Northeast Syrtis is a region of Mars once considered by NASA as a landing site for the Mars 2020 rover mission. This landing site failed in the competition with Jezero crater, another landing site dozens of kilometers away from Northeast Syrtis. It is located in the northern hemisphere of Mars at coordinates 18°N,77°E in the northeastern part of the Syrtis Major volcanic province, within the ring structure of Isidis impact basin as well. This region contains diverse morphological features and minerals, indicating that water once flowed here. It may be an ancient habitable environment; microbes could have developed and thrived here.

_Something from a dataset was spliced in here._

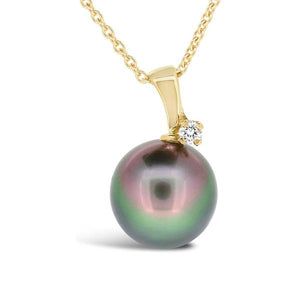 Pendentif en or jaune 18 carats 1 perle de tahiti 9.6/10.5mm semi-ronde A 1 diamant de 0.04 carat couleur F pureté SI1-Pendentifs & Colliers perle et diamants-Marque:Référence: 3.49/173Métal: Or jauneTitre: 18 caratsPoids du métal: 0,40 GrType de pierre: Diamant(s)Poids: 0,04 CtForme - taille: Taille brillantCouleur: FPureté: SI1-DIAM'S- -DIAM'S NC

The layered terrain of Northeast Syrtis is unique on the surface of Mars, containing diverse aqueous minerals such as like clay, carbonate, serpentine and sulfate, as well as igneous minerals such as olivine and high-calcium and low-calcium pyroxene. Clay minerals form in the interaction between water and rock and sulfate minerals usually form through intense evaporation on Earth. Similar processes may happen on Mars forming these minerals, which strongly suggests a history of water and rock interaction. In addition, megabreccia, possibly the oldest material throughout this region (some blocks are over 100 m in diameter), could give an insight into the primary crust when Mars first formed. The location is an ideal site for studying the timing and evolution of the surface processes of Mars, such as huge impact basin formation, fluvial activity (valley networks, small outflow channels), groundwater activity, history of glaciation, and volcanic activity.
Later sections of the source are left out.